Он взглянул на меня со странной, довольной ухмылкой.

— Боюсь, что тут, герр линиеншиффслейтенант, вы неправы. Победа, если ее и стоит присуждать, должна быть присуждена вам как командиру аэроплана.

— Но стрелял только фельдпилот Тотт, из переднего пулемета. Я не сделал из заднего ни единого выстрела.

— Может так, а может и нет. На высоте, в неразберихе боя, легко ошибиться. Мне докладывали после вашего приземления, что стреляли именно вы.

— Этого не может быть. Если хотите, я покажу.

Краличек закатил глаза — так делают уставшие, но терпеливые люди, которым приходится нянчиться с проблемными родственниками пожилого возраста. Он вздохнул.

— Хорошо, раз вы так настаиваете. Но только недолго, я очень занятой человек, а помощников у меня всего двое, да и месячную отчетность скоро подводить.

Мы вышли на улицу. Краличек с невыносимой, но весьма нехарактерной для него бойкостью зашагал к "Бранденбургеру", который обслуживали фельдфебель Прокеш и другие механики. При нашем приближении они отложили работу и встали по стойке смирно.

— Фельдфебель, сказал Краличек, — покажите нам пулеметы с этого аэроплана.

Оба пулемета уже демонтировали и выложили на раскладную скамью, чтобы почистить.

— Откройте затвор переднего пулемета.

Прокеш сдвинул затвор назад, как было велено. Зарядная камора сияла чистотой, как будто из оружия вообще никогда не стреляли.

— Теперь оружие наблюдателя.

Затвор сдвинули, и стал виден ствол, забитый характерной серовато-черной копотью сгоревшего кордита.

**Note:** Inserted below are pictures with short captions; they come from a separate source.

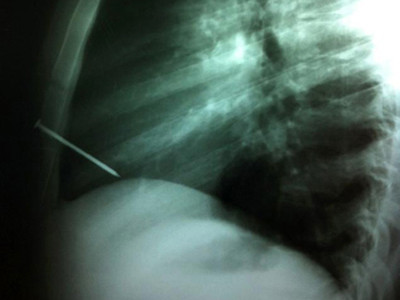 Đinh 8 cm đâm vào tim vẫn sống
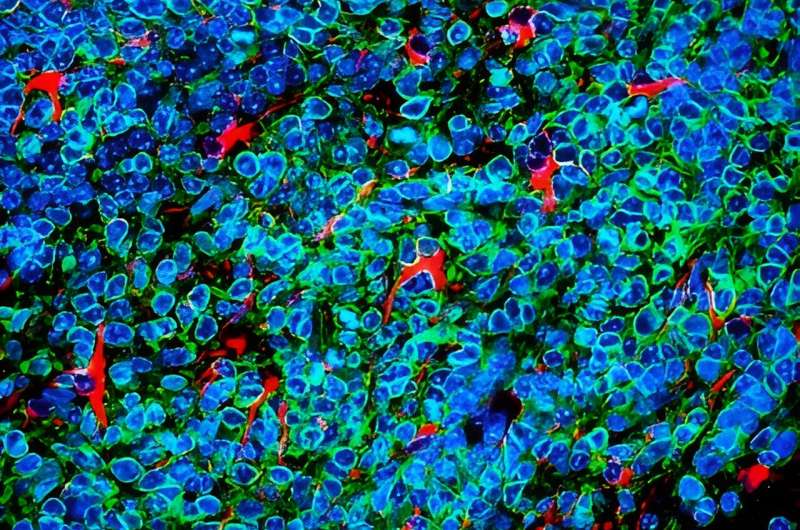 Lung cancer cells covertly thrive in brain under guise of protection, Stanford Medicine study finds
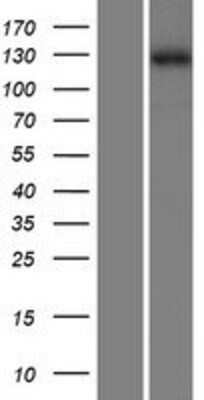 Western Blot: ZMYM1 Overexpression Lysate [NBP2-06289]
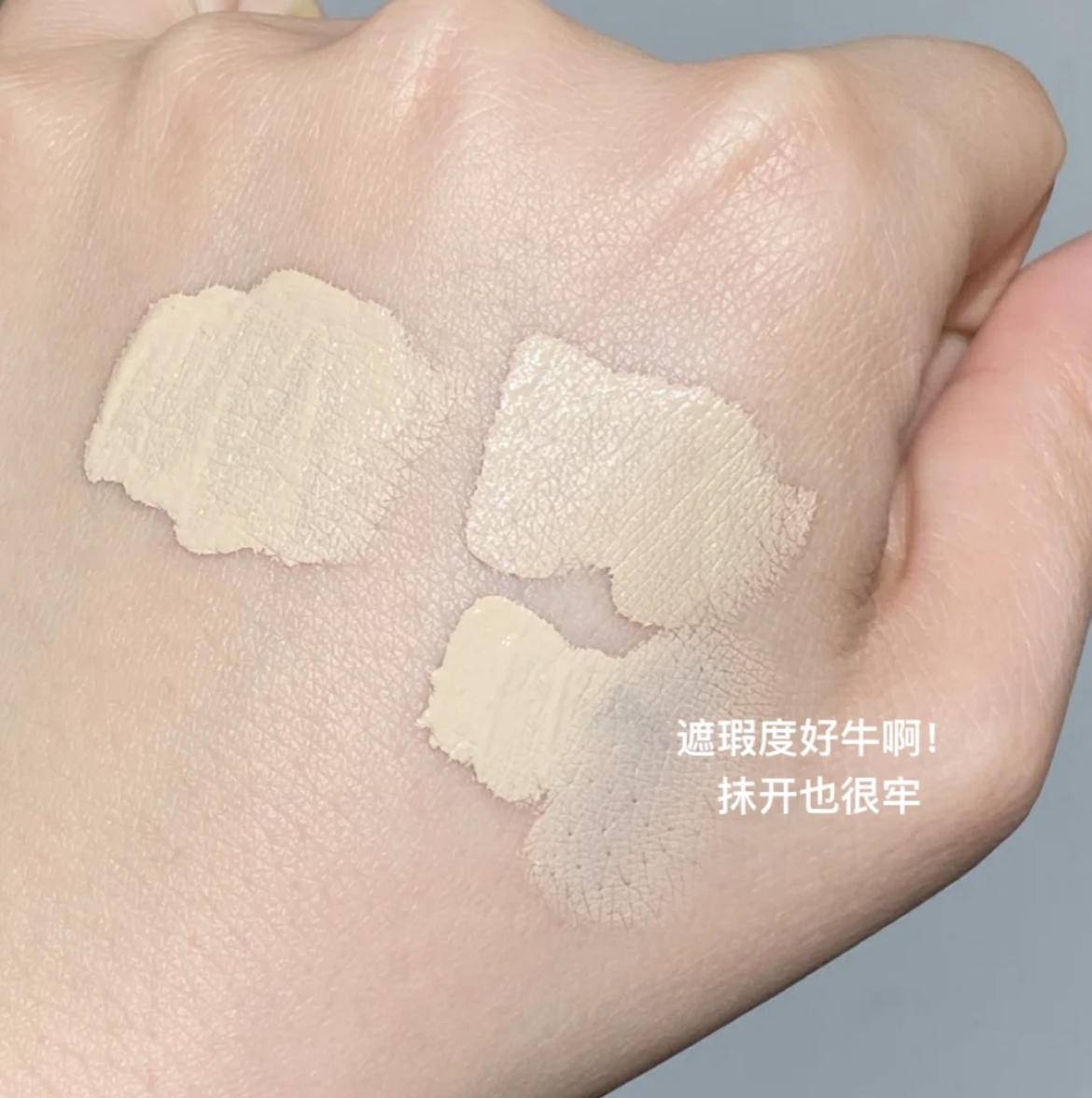 严重泪沟黑眼圈,淡化黑眼圈和泪沟原理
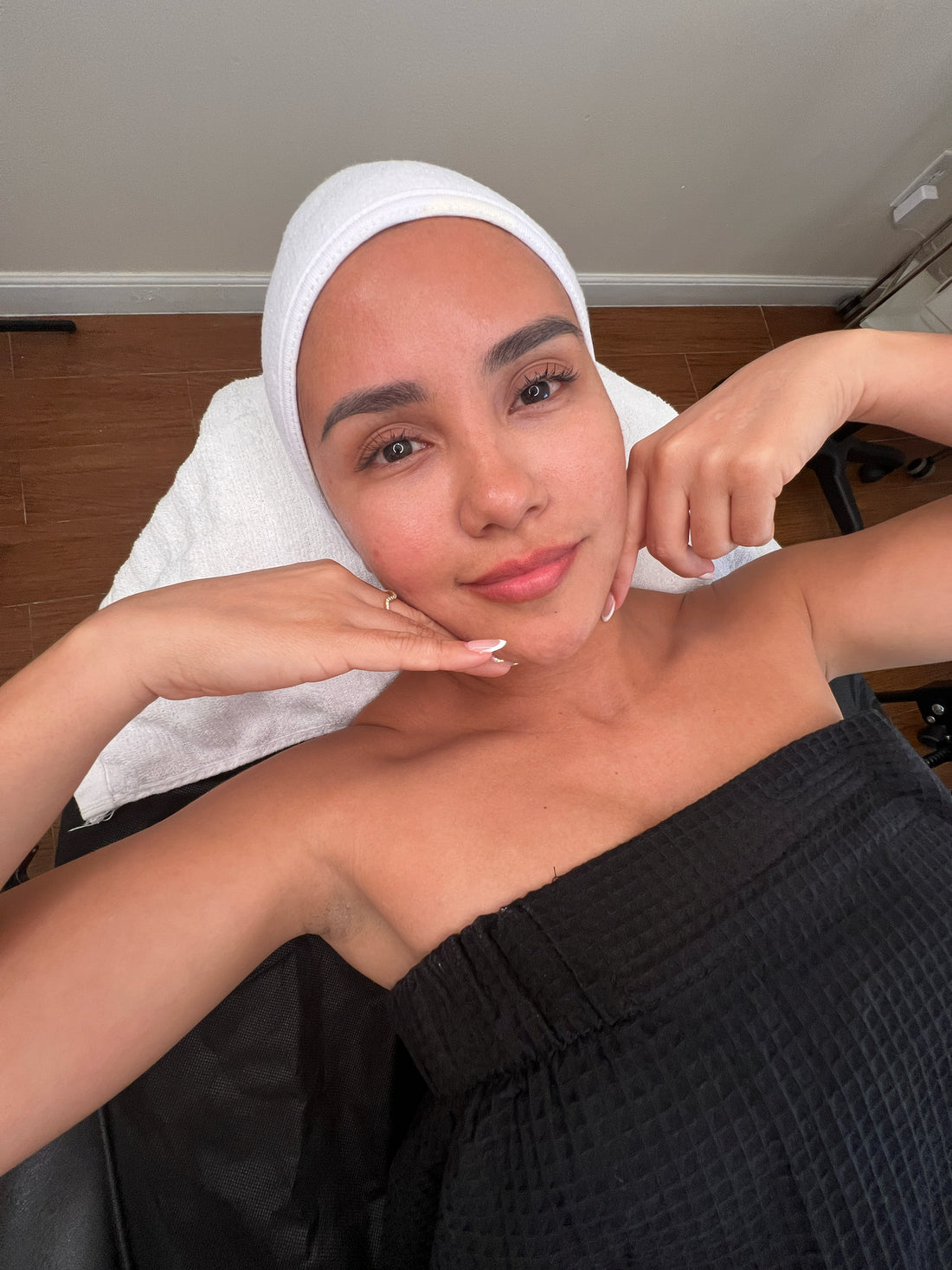Microneedling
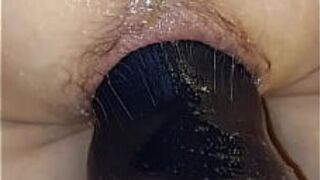 Расширитель ануса - порно видео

— Вот. — Краличек повернулся ко мне, улыбаясь. — Что я вам говорил? Не беспокойтесь, понятная ошибка. Лучше вам сегодня лечь спать пораньше. Что касается этого вашего итальянского аэроплана, лучше заявить про него в отдельном донесении в штаб армии...

— При всем уважении, герр командир, я не имею ни малейшего желания про него заявлять, раз победа — не моих рук дело.

— Ну что ж, тогда все в порядке. Если не хотите заявлять, на нет и суда нет, так лучше всего, как я считаю. Такие хаотичные записи вносят бессмыслицу в упорядоченные сведения. Только безжалостно удалив подобные статистические неуместности, можно получить великолепную картину и добиться совершенной организации, которая принесет нам победу. Прошу простить, но сегодня утром я потратил уже достаточно времени на эти пустяки. Мне пора возвращаться.

— Герр командир?

— Да?

Он повернулся и снова посмотрел на меня.

— Между прочим, я хочу высказать полезное предложение.

— И что за предложение?

— Если расценивать все отдельные события этой мировой войны как статистически бесполезные, как вы их называете, тогда, возможно, мы бы решили, что войны вообще нет. В таком случае осталось бы только прекратить убивать друг друга и отправиться домой.

Он подумал несколько секунд, потом улыбнулся мне.

— Да-да, линиеншиффслейтенант: очень забавно, даже очень. Теперь, возможно, вы извините меня, наконец? У некоторых есть дела поважней, чем попусту тратить время, составляя остроумные сентенции. Что касается меня, как кадровый военный, я полагаю, что война — слишком серьёзная вещь для шуток.